ウィーンから遥々とわたしの元へとやってきたM3だが、どうも気に入らない。やはり、オリジナルと同じように“耳”と裏蓋の丸いフィルム感度表もブラックペイントでなくては・・・。しかもクロームメッキの上からではなく、メッキをすべて剥がして真鍮の地金にエナメルブラック塗装されたものでなければ本物とは言えない。こうなると、万人には理解不能なビョーキの域である。    いてもたってもいられなくなったわたしは、ライカの後塗りを低価格で請け負ってくれるというある店に、このM3を持っていった。事の顛末を話すと「いいですよ、やりましょう」との返事だった。しかし、ここに頼んだのは失敗だった。再塗装が終わるまで、実に半年近く待たされたのだ。なかなか塗装に着手しない店主にしびれを切らして催促しても、のらりくらりとした返事しか返ってこず、終いにはキャンセルしたい旨を告げると、ようやく「明日から取り掛かります」との返事。もう、いい加減にしてくれという心境だった。

 

 

それから数日後、この店主から連絡があり「やっと終わったか!」と思ったのもつかの間、店主が発した話に仰天した。なんと、このM3ブラックペイントは偽物だったのだ。店主によると、ライカはトップカバーを外すと内部にも製造年代が分かる印のようなものがあり、それとシリアルナンバーが合致しないのだそうだ。また、再塗装のためにペイントを剥がしていくと、元のシリアルの刻印を埋めて偽のシリアルを打刻した形跡がはっきりと残っているというのだ。

 

こちらの狼狽をよそに、店主は「ご報告のためにお伝えしたまでです。トップカバーは再塗装してシリアルナンバーも元に戻しておきます。ただ、作業が終わるまでにもうすこし時間をください」と言って電話を切った。いま思えば、わざわざ電話してきたのは時間の猶予がほしかったからなのだろう。それからまた数カ月待たされて、ようやくこのM3は戻ってきた。しかし、その素性を知ってしまうと愛着というものは薄れてしまうもので、しばらくの間このM3は防湿庫の隅で眠っていた。そして、あるとき思い立ってトップカバー交換へと至ったのだった。

 

ライカ本社から送られてきたM3ブラックペイントの軍艦部

M3ブラックペイントのトップカバーに話を戻そう。銀座のライカ代理店からは、トップカバーが届いたのでボディに取り付ける前に実物を確認してほしいとの連絡があった。電話では「間違いなく、当時のブラックペイントのスペアパーツです」とのことだったが、お店で実物を見てみるとどうもおかしい。確かにM3のブラックペイントなのだが、裏側がクロームメッキされているのだ。わたしは、首をひねりながらこう聞いてみた。

 

「お宅のショップは信頼していますが、このパーツが確かにライカ社のものであるという証明はありますか?」

 

すると、担当者はしばらくお待ちくださいと言って、何やら伝票のようなものを持ってきて見せてくれた。ライカ社のインボイスの写しである。そこには、シリアルナンバーの横に「このトップカバーがオリジナルのブラックペイントであることを証明する」と英語でしっかりと記されていた。わたしは、お金を払う際にそのインボイスの写しを一枚欲しいと頼んでみた。店員は、それに快く応じてくれたのだった。
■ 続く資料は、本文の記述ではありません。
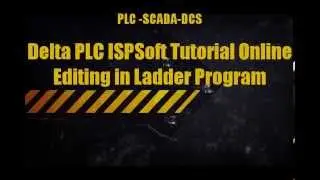 Delta PLC ISPSoft Tutorial Online Editing in Ladder Program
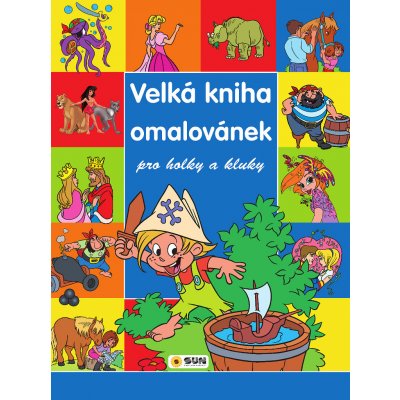 Velká kniha omalovánek pro kluky a holky – Zbozi.Blesk.cz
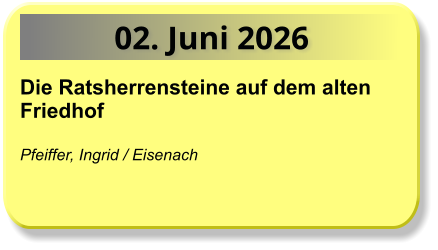 02. Juni 2026 Die Ratsherrensteine auf dem alten Friedhof  Pfeiffer, Ingrid / Eisenach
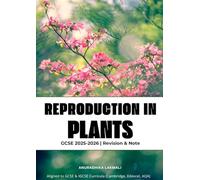 Reproduction in Plants - GCSE Plant Physiology: Revision Guide IGCSE Biology- Plants Reproduction in Plants GCSE - Parts of a Flower- Pollination-Seed Formation- Germination of Seeds
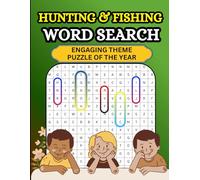 Hunting and fishing word search book: fun and challenging large print puzzle with camping, nature, big game, and wilderness adventure themes for ... game for kids, adult, seniors, and teens.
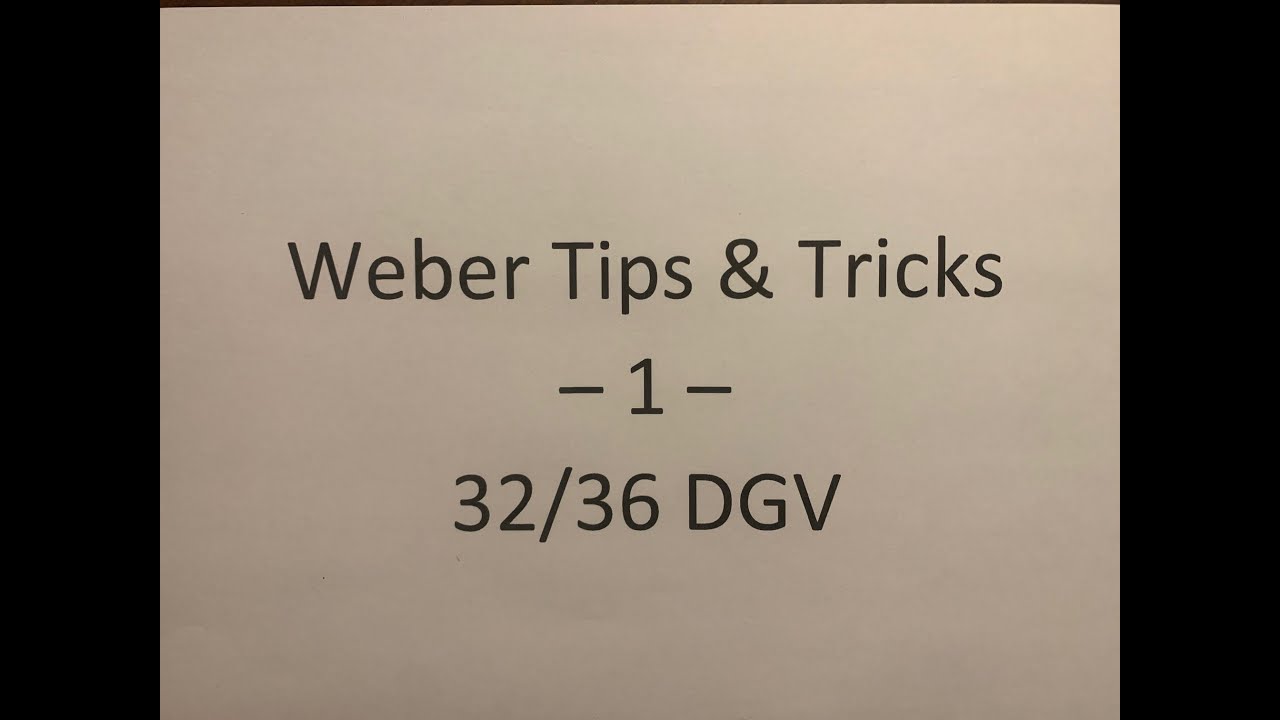 Weber Tips and Tricks 1 32/36 DGV
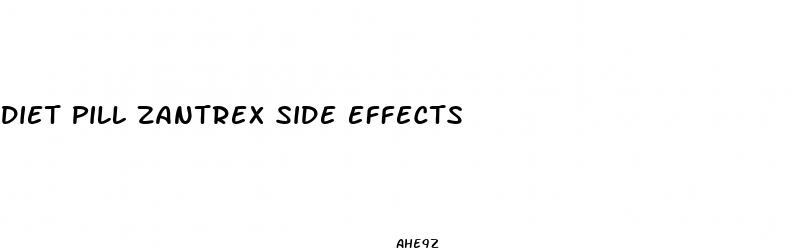 diet pill zantrex side effects
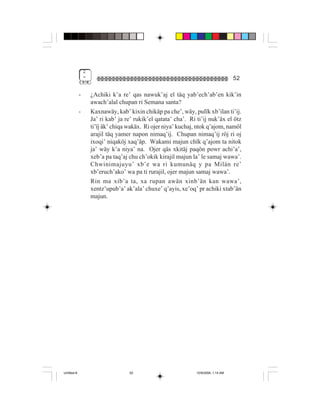 2
                 "                                                                     52

             -       ¿Achiki k’a re’ qas nawuk’aj el täq yab’ech’ab’en kik’in
                     awach’alal chupan ri Semana santa?
             -       Kaxnawäy, kab’ kixin chikäp pa che’, wäy, pulïk xb’ilan ti’ij.
                     Ja’ ri kab’ ja re’ rukik’el qatata’ cha’. Ri ti’ij nuk’äx el ötz
                     ti’ïj äk’ chiqa wakäx. Ri ojer niya’ kuchaj, ntok q’ajom, namöl
                     arajil täq yamer napon nimaq’ij. Chupan nimaq’ij röj ri oj
                     ixoqi’ niqaköj xaq’äp. Wakami majun chïk q’ajom ta nitok
                     ja’ wäy k’a niya’ na. Ojer qäs xkitäj paqön powr achi’a’,
                     xeb’a pa taq’aj chu ch’okik kirajil majun la’ le samaj wawa’.
                     Chwinimajuyu’ xb’e wa ri kumunäq y pa Milán re’
                     xb’eruch’ako’ wa pa ti rurajil, ojer majun samaj wawa’.
                     Rin ma xib’a ta, xa rupan awän xinb’än kan wawa’,
                     xentz’upub’a’ ak’ala’ chuxe’ q’ayis, xe’oq’ pr achiki xtab’än
                     majun.




Untitled-8                           52                           10/9/2006, 1:14 AM
 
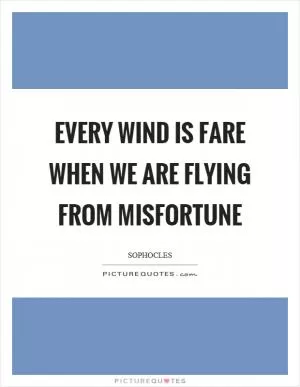 Every wind is fare when we are flying from misfortune Picture Quote #1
こうして、晴れて自分の元へ戻ってきたM3だが、どうしてもトップカバーの裏側のクロームメッキのことが頭から離れなかった。もちろん、傷さえつけなければ地のクロームメッキが出てくることはない。しかし、ライカ社のブラックペイントは塗装膜が弱く、使っているとすぐに剥げてきてしまうのは周知の事実である。また、このM3にぴったりと合うレンズがないのも不満だった。そこでわたしは最後の手を打つことにしたのだった。

 

カメラ後塗りの名人「高橋七宝塗装室」の門を叩く

高橋七宝塗装室とは、中古カメラ業界ではよく知られた工房である。高橋兄弟が営業していたその店は大田区の町工場にあり兄弟揃ってのカメラ通でもある。もともとは金属塗装の工場だったが、趣味で塗装をしていたモデルガンからカメラへとその対象は発展し、わたしが訪れた当時は常にカメラ塗装のバックオーダーを数ヶ月先まで抱えているという名匠の誉れ高き工房だったのだ。

 

 

わたしは2000年のある夏の日に、このM3に合わせるズミクロン50mm F2と、以前から愛用していたM2とズミクロン35mm F2を持って高橋七宝塗装室を訪れた。高橋兄弟はお二人ともとても気さくなお人柄で、ライカやブラックペイントに関していろいろな話を聞かせてもらった。わたしのM3を見せると、すぐその場で「これはライカのペイントですね」とおっしゃったので、さすがにプロだと関心したものである。

 

 

高橋氏の話では、かつてわたしとよく似たケースでM3のブラックペイントをドイツのライカ社へ持ち込んでトップカバー交換をしてもらった方がいたそうだ。氏曰く「でも、何かおかしいと思ったのでしょうね・・結局、こちらで再塗装してほしいと依頼しに来られたんですよ」とのことだった。この話を聞いて完全に辻褄が合った気がした。ライカ社では、他のM型ライカと同じようにブラックペイントのライカでもトップカバーの交換は行なってくれるが、そのペイントは真鍮への直塗りではなく、クロームメッキの上からペイントする二重塗りだったのである。

 

また、ライカのシリアルナンバーをよく観察すると、打刻されている位置が通常よりも左に寄っているものがある。このトップカバーがまさにそれで、これは同じシリアルナンバーが混在していた場合に、その2つを区別するために印を付けるための余白であるというのが真相のようだ。つまり、仮に同じシリアルナンバーのM3が整備のためライカ社へ送られた際、ライカ社ではそれを記録に控えておき、わたしが持っていたM3がさらに整備のためにライカ社へ持ち込まれた際には、先の個体と区別するために追加の刻印を加えるための余白なのだと推測できるのである。

 

以上が、このM3ブラックペイントの個体についてわたしが知りうる情報だ。ちなみにこのM3は、2002年頃にズミクロン50mm F2とセットで委託に出したところ、しばらくしてどなたかの手に渡っていった。忘れられないのは、ある雑誌に中古ライカの目玉商品としてこのM3が大きく取り上げられたことだ。それから現在までの行方は分からないが、先日の知人の話からすると、まだ日本のどこかで大切に保管されているのではないかと想像できる。いろいろ訳アリの変遷を経たこのM3だが、おそらくはオーナーが何度代わっても、大切にされて余生を過ごすことだけは確かであろう。それを思うと、少しだけ胸をなでおろしたような気分になる。自分の子を里子に出した親の気持ちというのだろうか。